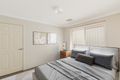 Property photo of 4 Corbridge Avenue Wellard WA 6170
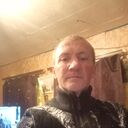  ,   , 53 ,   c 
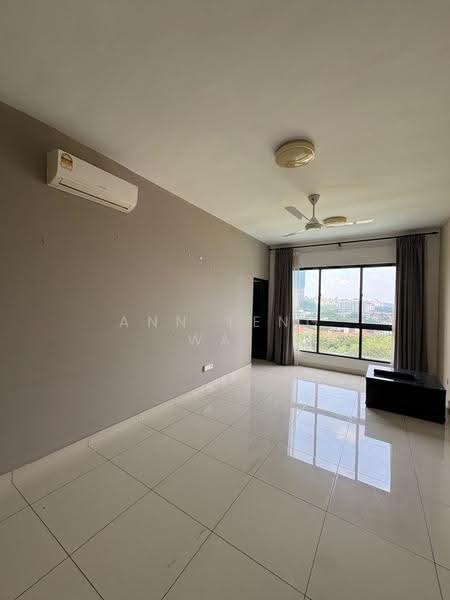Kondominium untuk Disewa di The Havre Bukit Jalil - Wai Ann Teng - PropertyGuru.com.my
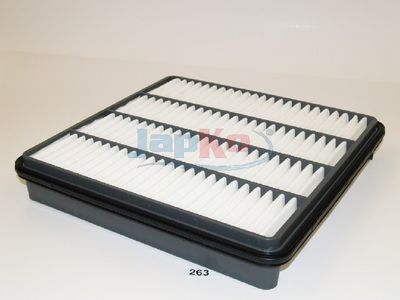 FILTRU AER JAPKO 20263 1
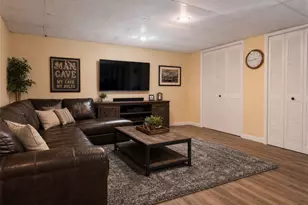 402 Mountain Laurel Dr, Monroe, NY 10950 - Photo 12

...

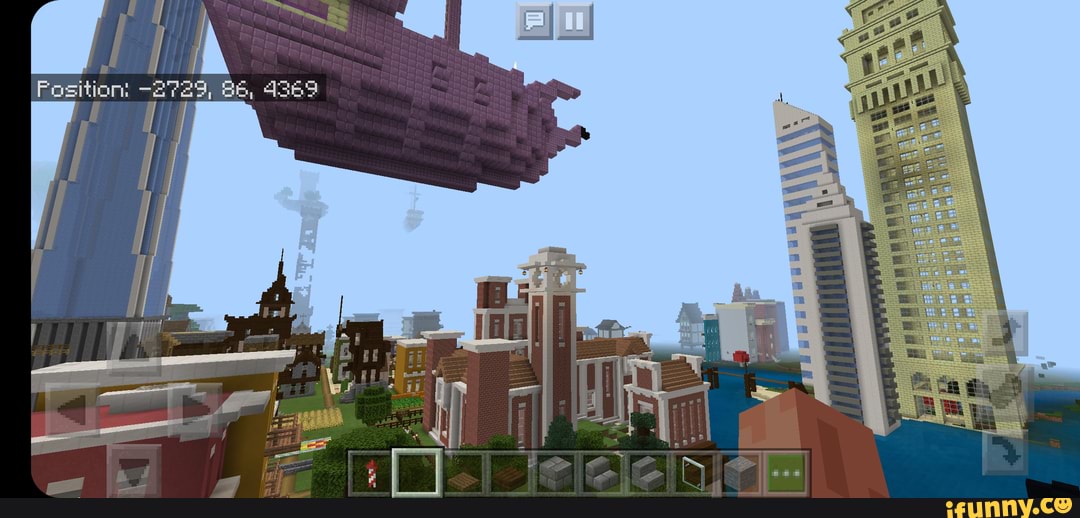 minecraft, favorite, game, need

--

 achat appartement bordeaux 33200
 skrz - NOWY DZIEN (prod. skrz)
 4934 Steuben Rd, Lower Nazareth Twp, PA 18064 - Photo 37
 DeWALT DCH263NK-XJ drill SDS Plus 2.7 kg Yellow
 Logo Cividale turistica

▸ Task instructions
When the line with "DeWALT DCH263NK-XJ drill" is reached in the data above, start copying there, and copy each line exactly until the line with "Logo Cividale turistica" has been copied; copy nothing else.

▸ Exercise output
 DeWALT DCH263NK-XJ drill SDS Plus 2.7 kg Yellow
 Logo Cividale turistica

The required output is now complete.